___ Given entries ___

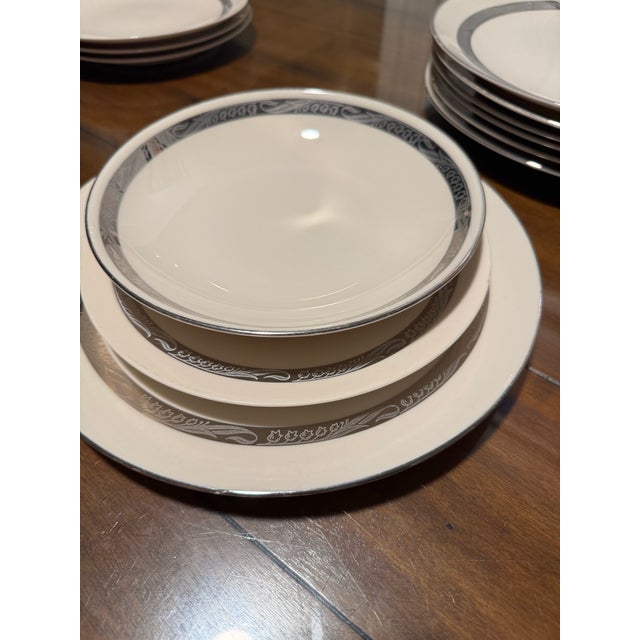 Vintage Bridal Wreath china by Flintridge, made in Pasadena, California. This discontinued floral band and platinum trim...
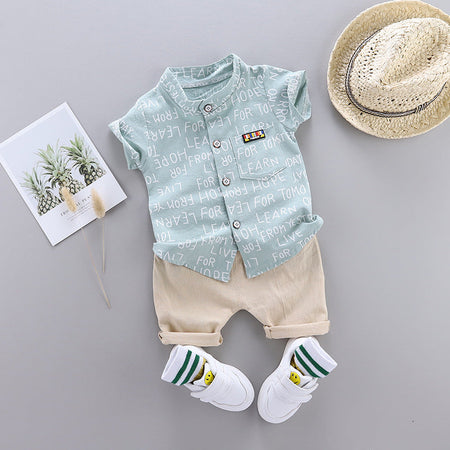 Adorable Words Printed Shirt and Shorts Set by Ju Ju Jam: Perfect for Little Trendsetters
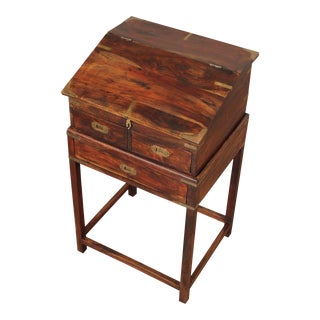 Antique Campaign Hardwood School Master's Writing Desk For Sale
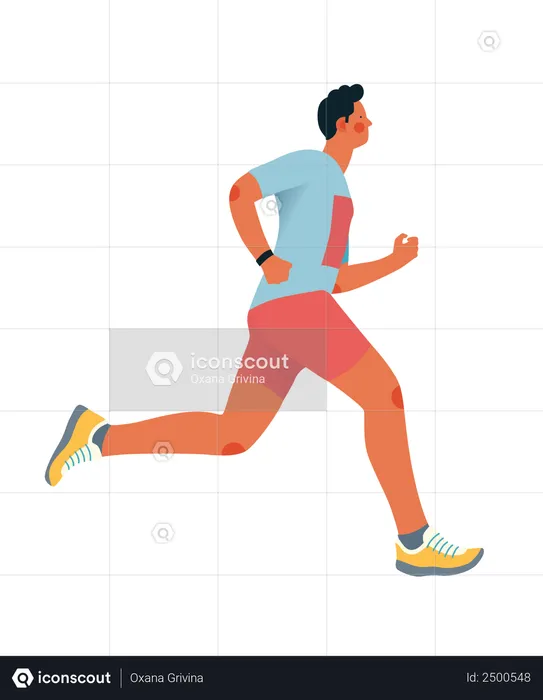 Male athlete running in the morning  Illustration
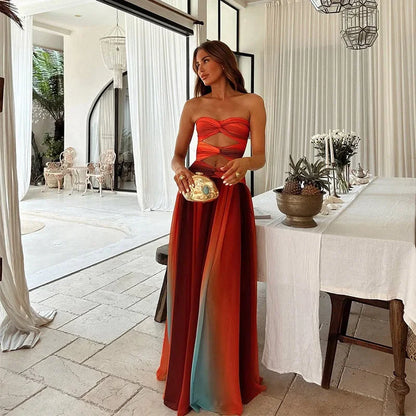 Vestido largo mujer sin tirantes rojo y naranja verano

___
___ Given entries ___

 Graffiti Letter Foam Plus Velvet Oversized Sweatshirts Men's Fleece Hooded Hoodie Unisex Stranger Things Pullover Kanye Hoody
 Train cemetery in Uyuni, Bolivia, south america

___

▶ [Work to be completed]
Could you repeat exactly the lines above from the line with "Graffiti Letter Foam" up to and including the line with "Train cemetery in", and only those?

▶ [Response box]
 Graffiti Letter Foam Plus Velvet Oversized Sweatshirts Men's Fleece Hooded Hoodie Unisex Stranger Things Pullover Kanye Hoody
 Train cemetery in Uyuni, Bolivia, south america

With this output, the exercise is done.